====== SOURCE DATA

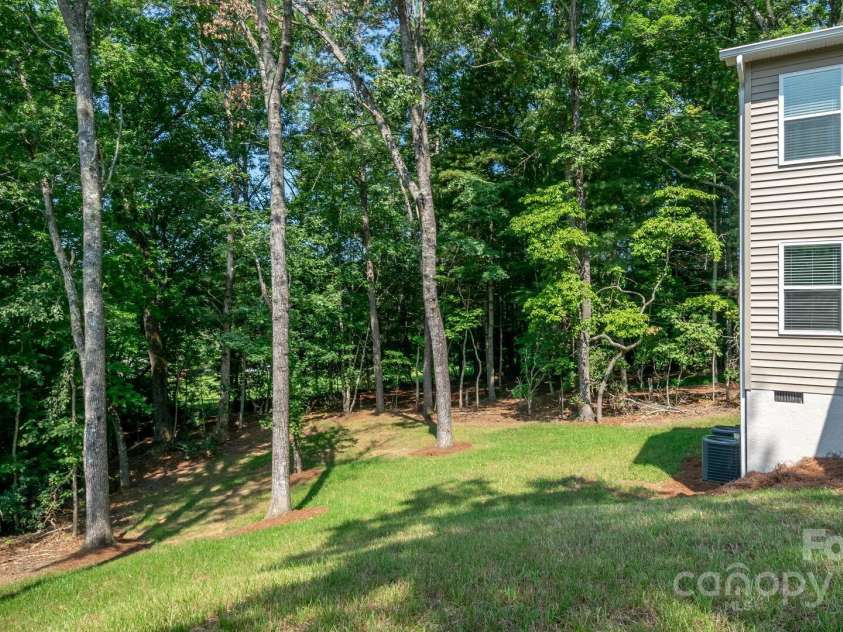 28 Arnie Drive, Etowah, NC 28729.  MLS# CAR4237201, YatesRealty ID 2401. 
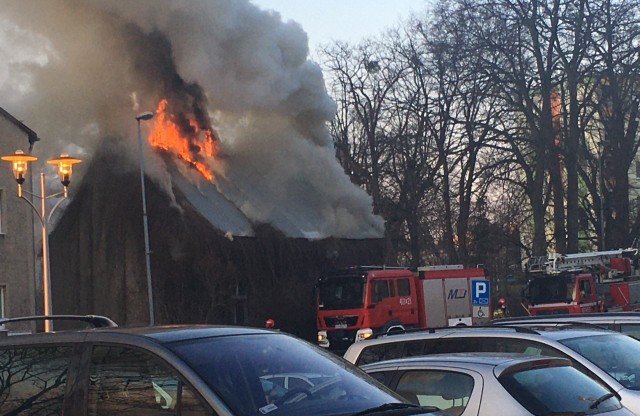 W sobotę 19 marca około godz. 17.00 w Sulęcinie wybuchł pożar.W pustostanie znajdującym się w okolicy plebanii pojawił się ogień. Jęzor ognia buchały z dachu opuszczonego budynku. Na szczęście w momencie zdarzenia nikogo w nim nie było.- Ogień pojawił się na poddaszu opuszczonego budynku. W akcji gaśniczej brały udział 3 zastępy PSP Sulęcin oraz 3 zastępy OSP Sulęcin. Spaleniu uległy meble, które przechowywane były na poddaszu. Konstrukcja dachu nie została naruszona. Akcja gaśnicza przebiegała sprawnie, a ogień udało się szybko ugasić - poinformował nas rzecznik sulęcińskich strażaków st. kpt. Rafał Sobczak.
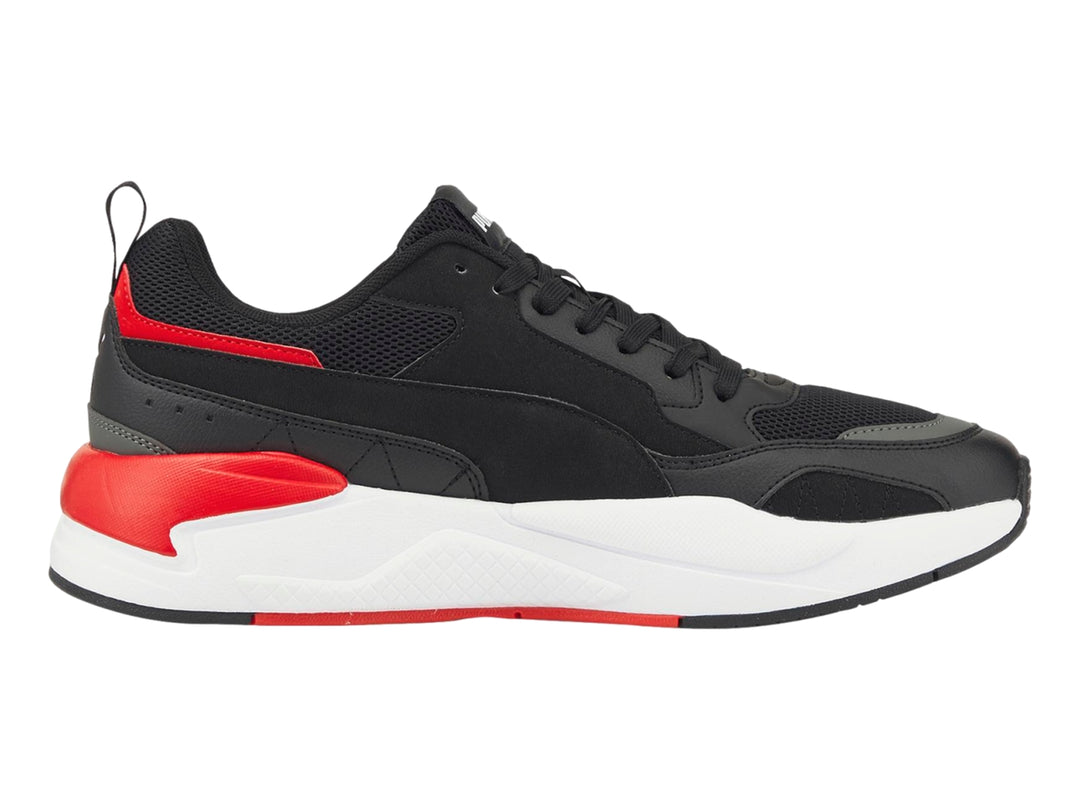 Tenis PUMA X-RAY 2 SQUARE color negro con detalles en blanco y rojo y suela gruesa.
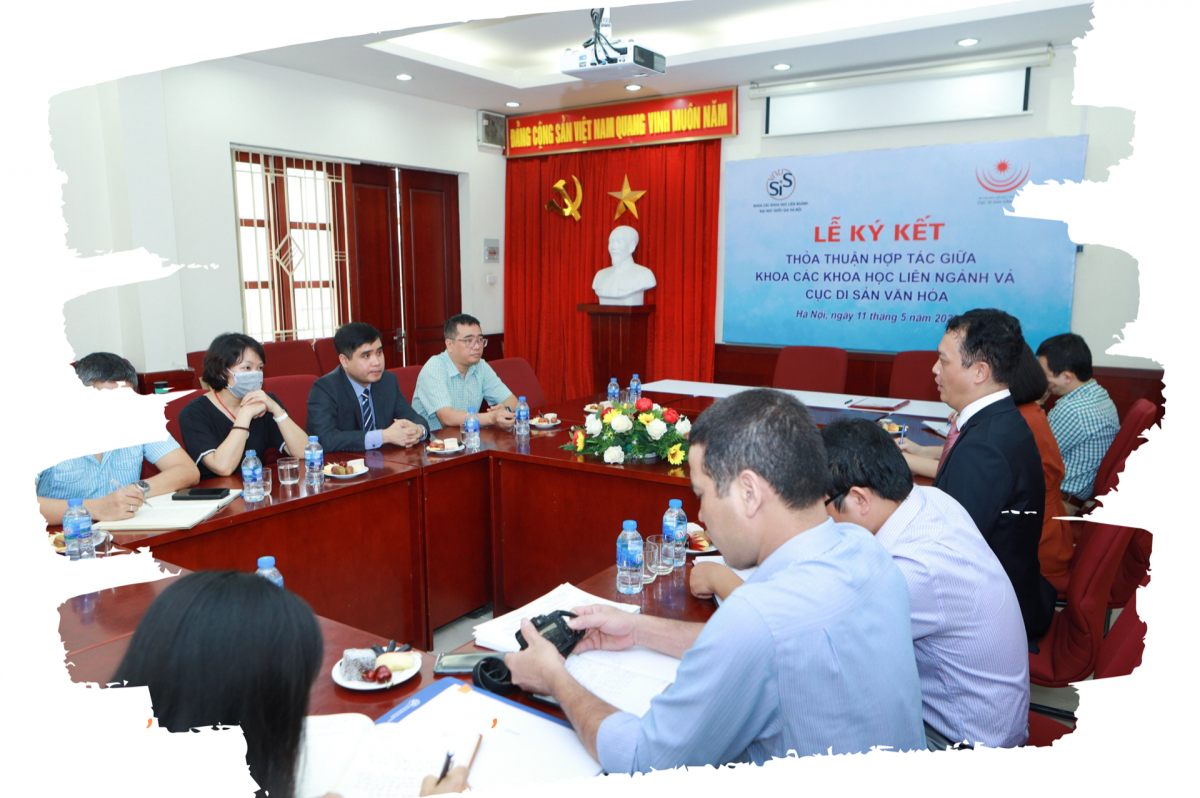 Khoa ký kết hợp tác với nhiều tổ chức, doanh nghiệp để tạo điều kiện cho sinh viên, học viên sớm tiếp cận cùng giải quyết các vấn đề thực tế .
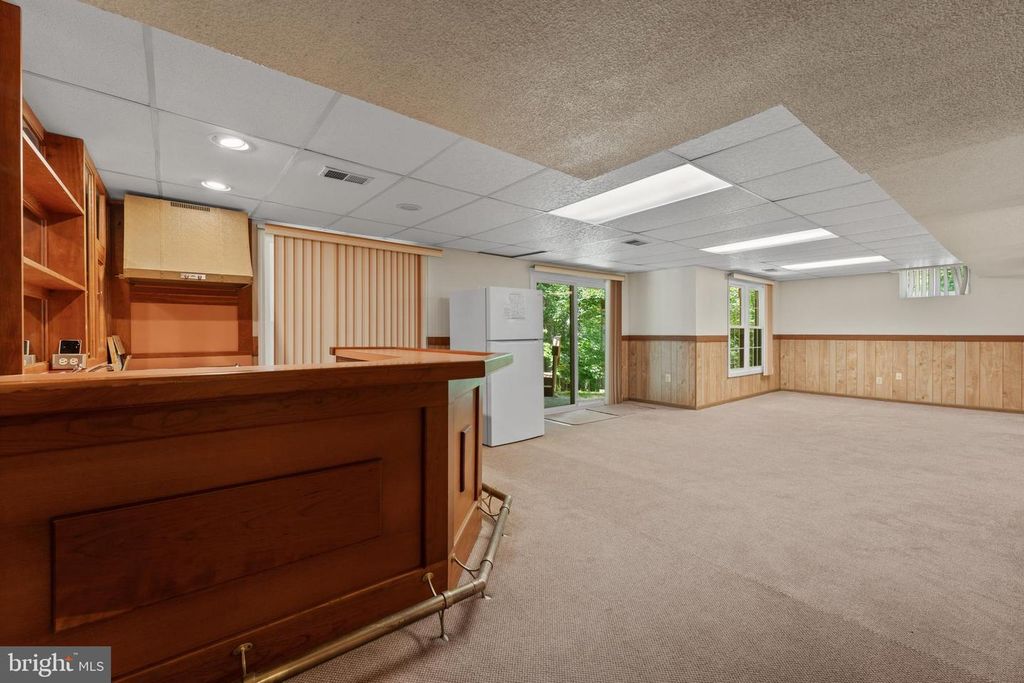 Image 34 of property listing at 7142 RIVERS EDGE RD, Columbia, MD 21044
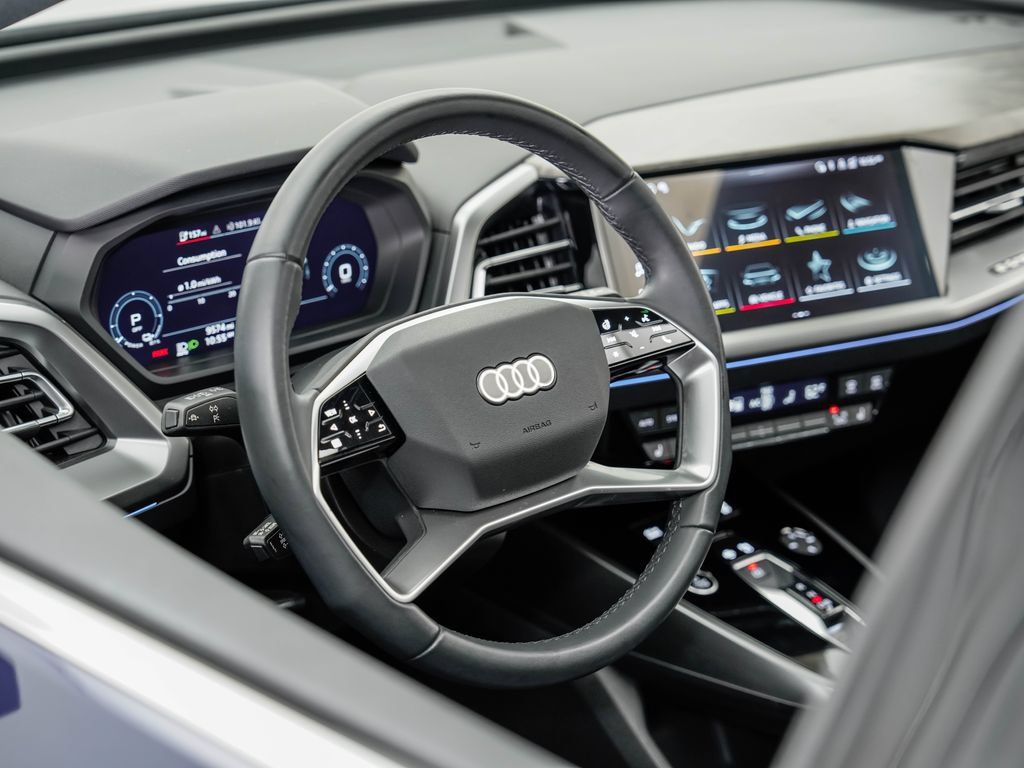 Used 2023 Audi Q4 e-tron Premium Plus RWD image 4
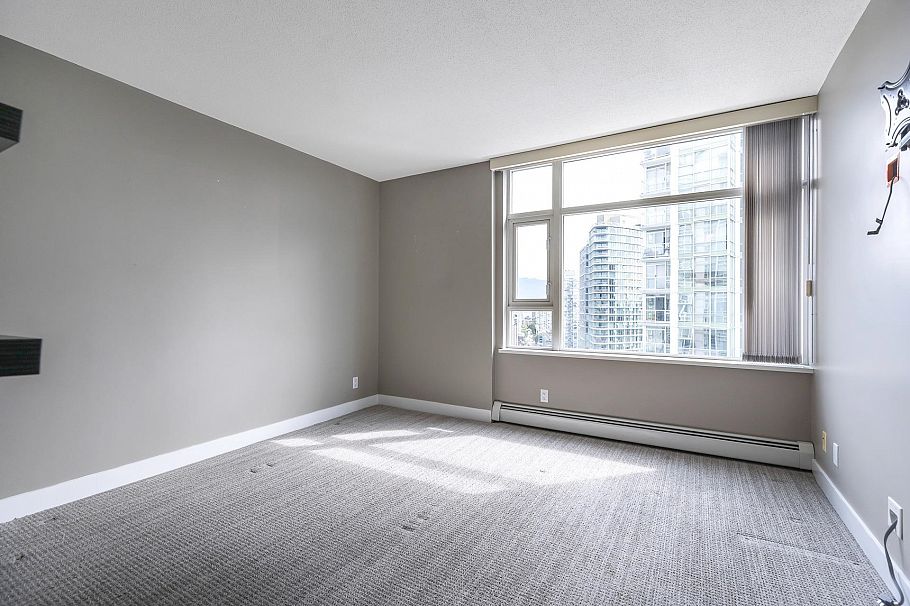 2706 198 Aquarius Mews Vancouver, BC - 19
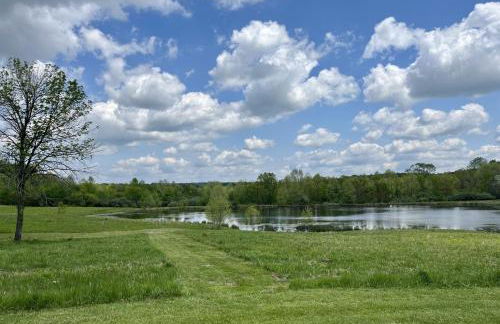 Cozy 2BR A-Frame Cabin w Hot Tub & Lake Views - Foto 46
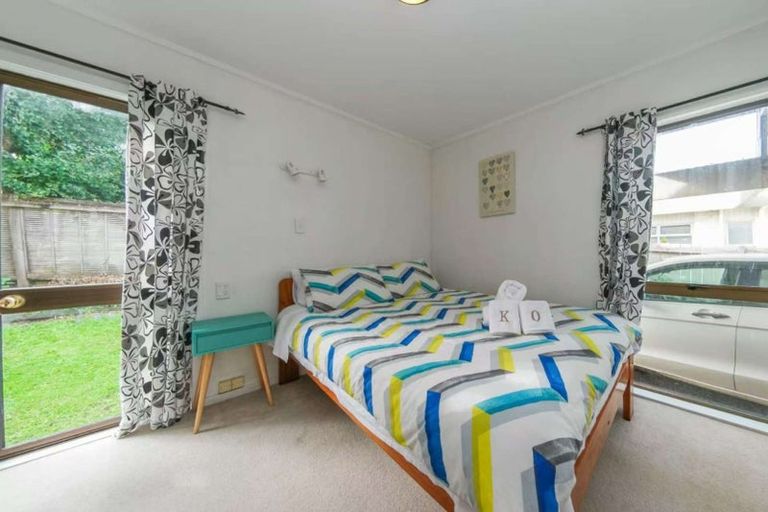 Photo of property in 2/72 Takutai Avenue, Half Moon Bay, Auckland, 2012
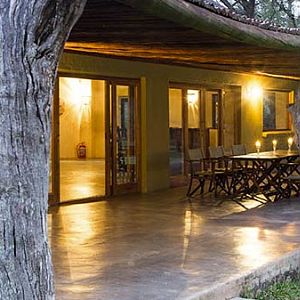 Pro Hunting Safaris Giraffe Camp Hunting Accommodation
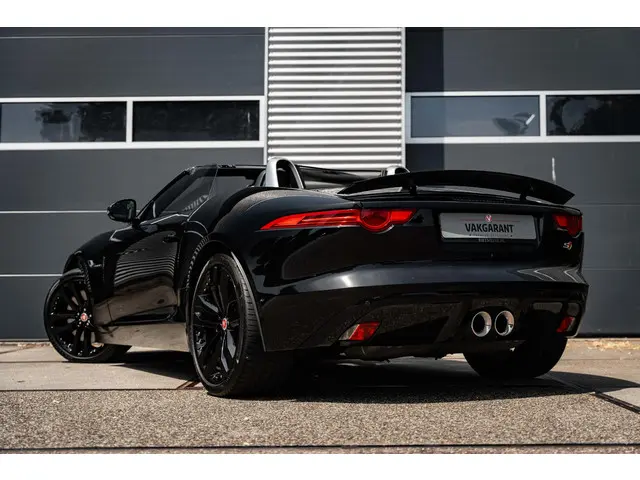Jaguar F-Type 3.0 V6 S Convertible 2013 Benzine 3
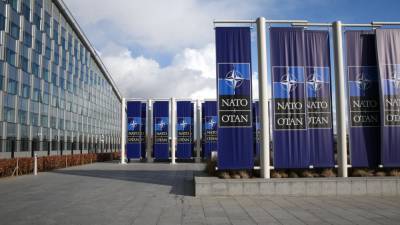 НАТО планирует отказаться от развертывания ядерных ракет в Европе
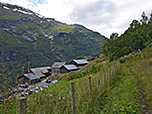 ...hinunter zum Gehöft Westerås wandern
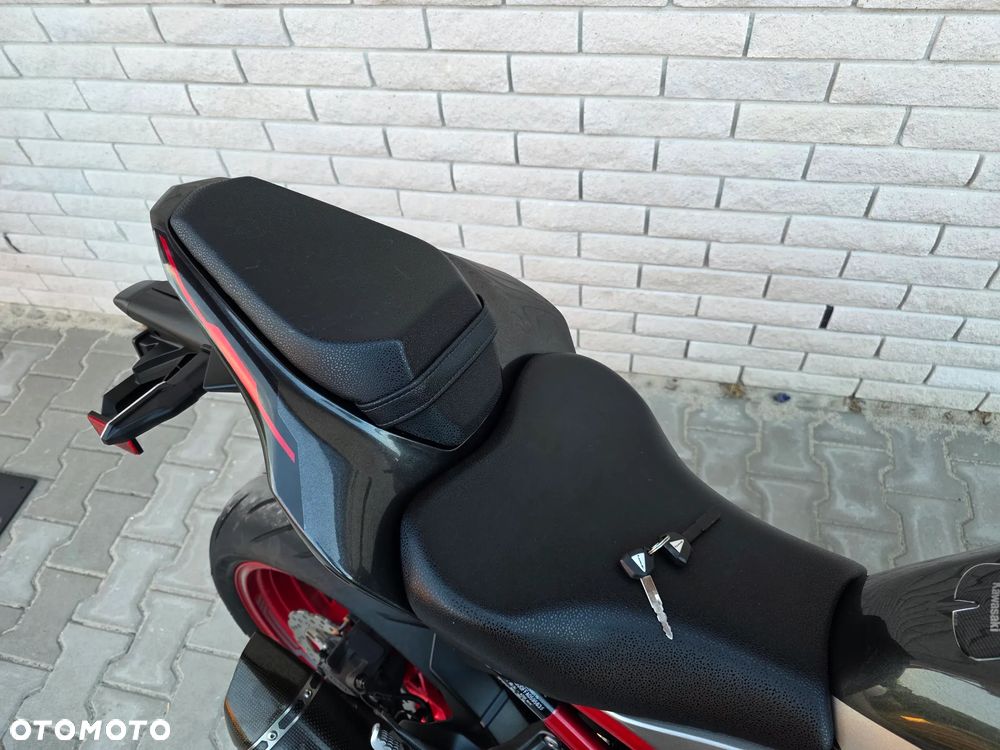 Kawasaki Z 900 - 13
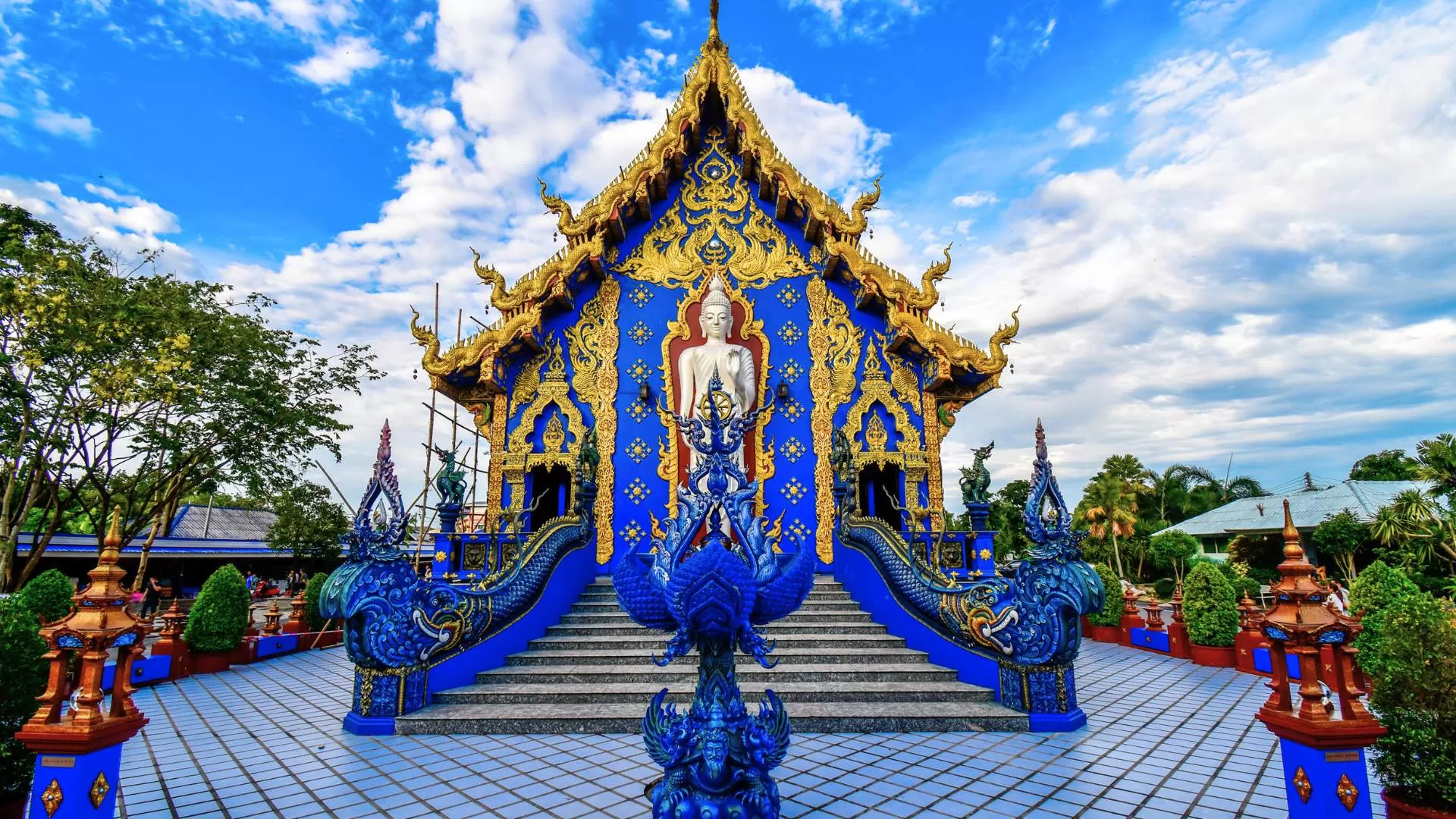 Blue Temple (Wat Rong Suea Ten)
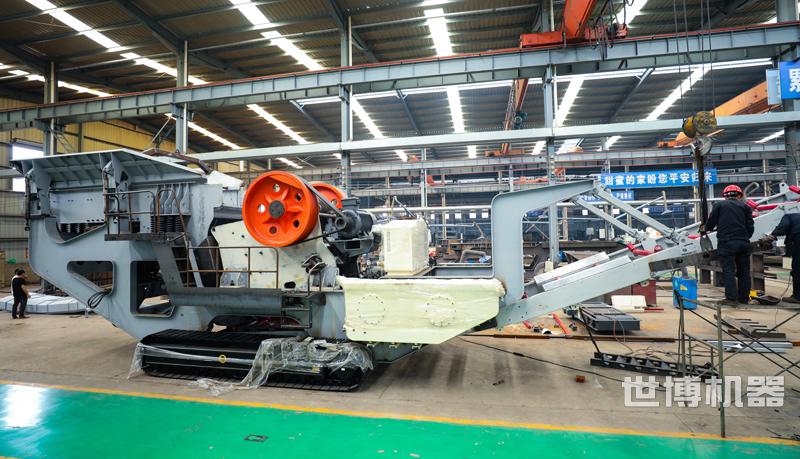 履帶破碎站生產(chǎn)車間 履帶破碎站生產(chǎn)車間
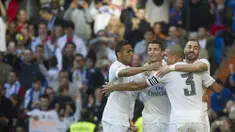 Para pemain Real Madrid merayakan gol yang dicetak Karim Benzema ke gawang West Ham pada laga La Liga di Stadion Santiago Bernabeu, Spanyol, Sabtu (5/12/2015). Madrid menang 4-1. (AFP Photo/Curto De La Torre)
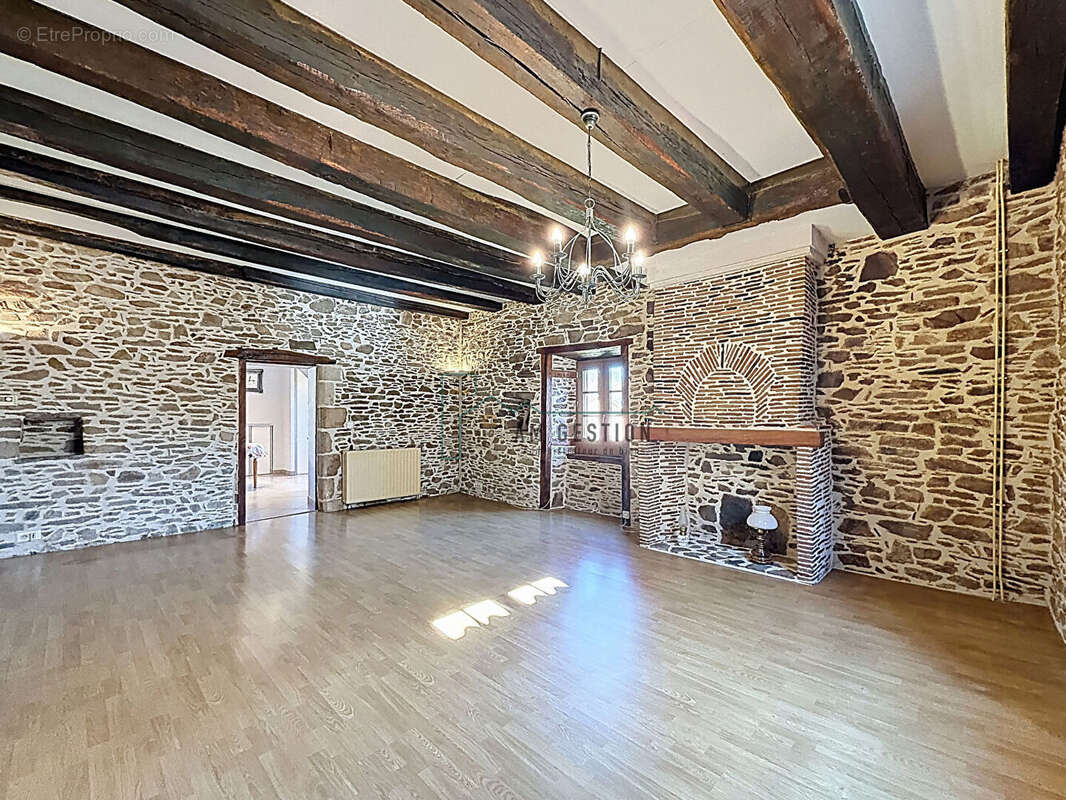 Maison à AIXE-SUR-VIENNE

============

In the answer, the lines from the one containing "Pro Hunting Safaris" to the end of the records above must be written out exactly, both ends included; the pictures must not appear.

 Pro Hunting Safaris Giraffe Camp Hunting Accommodation
Jaguar F-Type 3.0 V6 S Convertible 2013 Benzine 3
 НАТО планирует отказаться от развертывания ядерных ракет в Европе
 ...hinunter zum Gehöft Westerås wandern
 Kawasaki Z 900 - 13
 Blue Temple (Wat Rong Suea Ten)
 履帶破碎站生產(chǎn)車間 履帶破碎站生產(chǎn)車間
 Para pemain Real Madrid merayakan gol yang dicetak Karim Benzema ke gawang West Ham pada laga La Liga di Stadion Santiago Bernabeu, Spanyol, Sabtu (5/12/2015). Madrid menang 4-1. (AFP Photo/Curto De La Torre)
 Maison à AIXE-SUR-VIENNE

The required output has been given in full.